In another case, a 30-bed hospital in Waras district of Bamyan province remained unimplemented (unconstructed) for four consecutive years (1395-1398) due to reductions made to the project’s allocated budget. Though the development project was allocated more than 34 million afghanis funds in the national budget document of 1397 fiscal year, the project’s budget was reduced to one million afghanis and was not implemented. In 1398 fiscal year, it was allocated around 7,500,000 afghanis but the project was not implemented in the year because it budget was reduced to 40,000 afghanis after budget amendments. The hospital construction project was again allocated a budget of seven million afghanis in 1399 fiscal year.

In 1397 fiscal year, Pamirha road construction project was allocated a budget of 6,700,000 afghanis but the project was not implemented after budget amendments which reduced the allotment for the project to 10,000 afghanis. In 1398 fiscal year, the road construction was again included in the national budget document with more than 800,000 afghanis allotment. The project was not implemented again due to huge reduction of its allocated funds.

Dozens other development projects in areas of energy supply, road construction, purchase of medical equipment, and etc have faced the same fate for years.
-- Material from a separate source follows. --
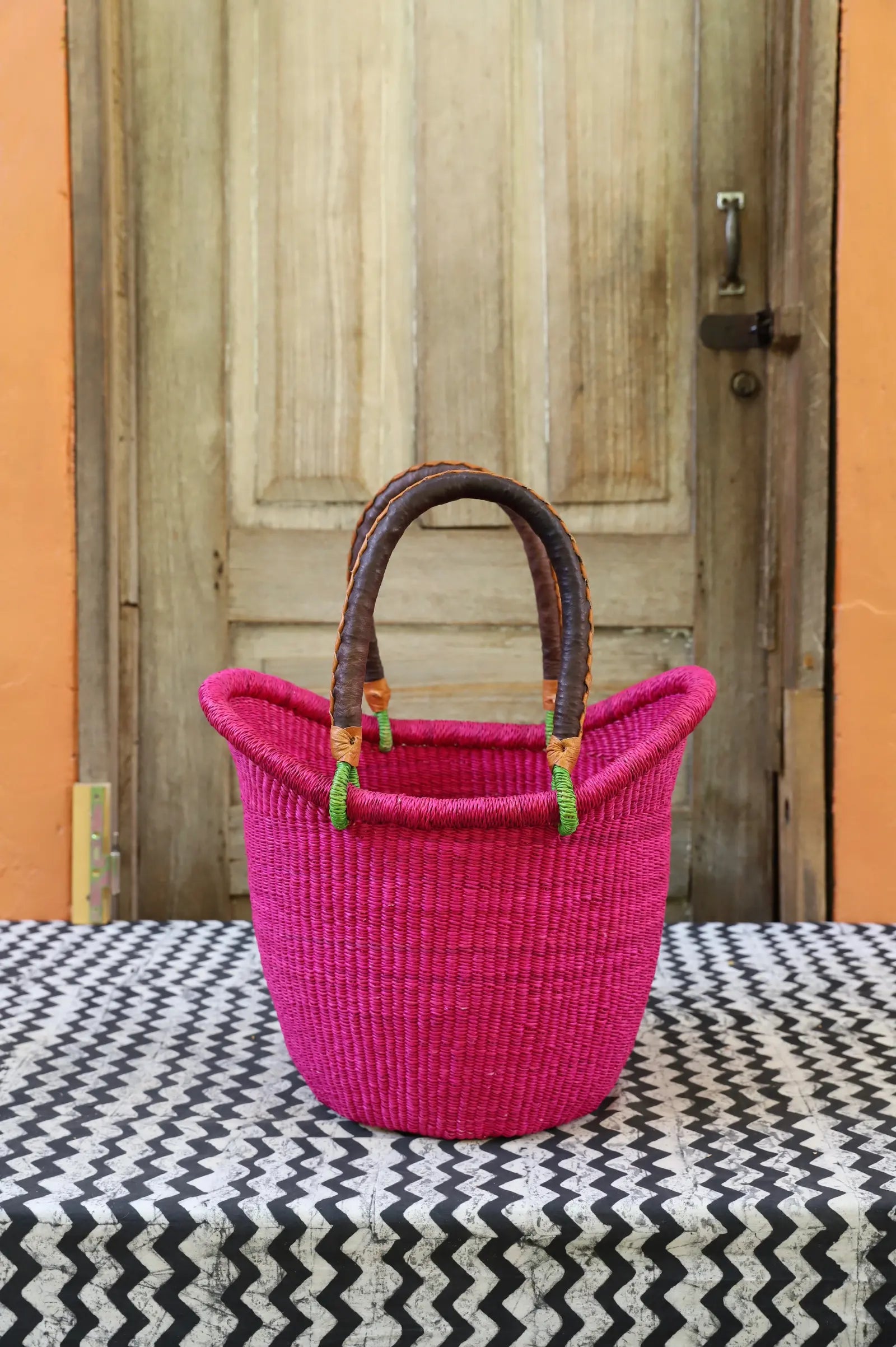 Nyariga Dip-dyed Shopping Basket (Small) by Apika Abisika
Terming the budget reduction of the projects as “illegal”, the SAO has expressed concern, adding that it will encourage foreign donors to refrain providing assistance for Afghanistan in the future. Plus, failure in implementation of the development projects will cause the Afghan government not to be able to meet its set target in development and infrastructure building.
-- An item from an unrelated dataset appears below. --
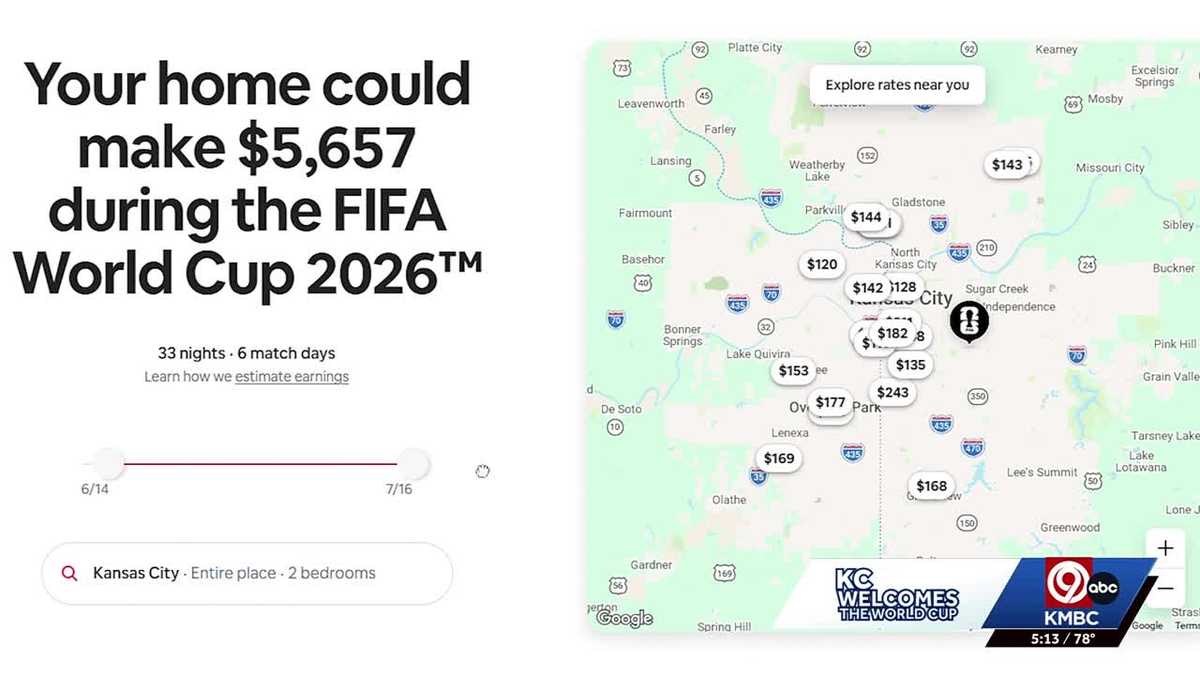 Airbnb launches calculator to estimate World Cup rental earnings in Kansas City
Moreover, the SAO has found that dozens of development projects have undergone budget amendments worth billions of afghanis – contrary to the country’s budget expenditure plan – in last days of 1398 and first days of 1399 fiscal years. Describing the amendments as “illegal”, the SAO has accused the relevant state agencies and the MoF of just attempting to show their budget spending higher than 50 percent.

The annual budget statement of the government – Qatia accounts – reviewed by the Parliament’s commission on budget and financial affairs late in 2019 suggested that billions of afghanis had been spent without approval of the parliament during the Fiscal Year 1397– contrary to budget expenditure plan of 1397. According to the parliament’s commission, the MoF had transferred funds of 189 projects for different purposes which is also in contradiction to the expenditure plan.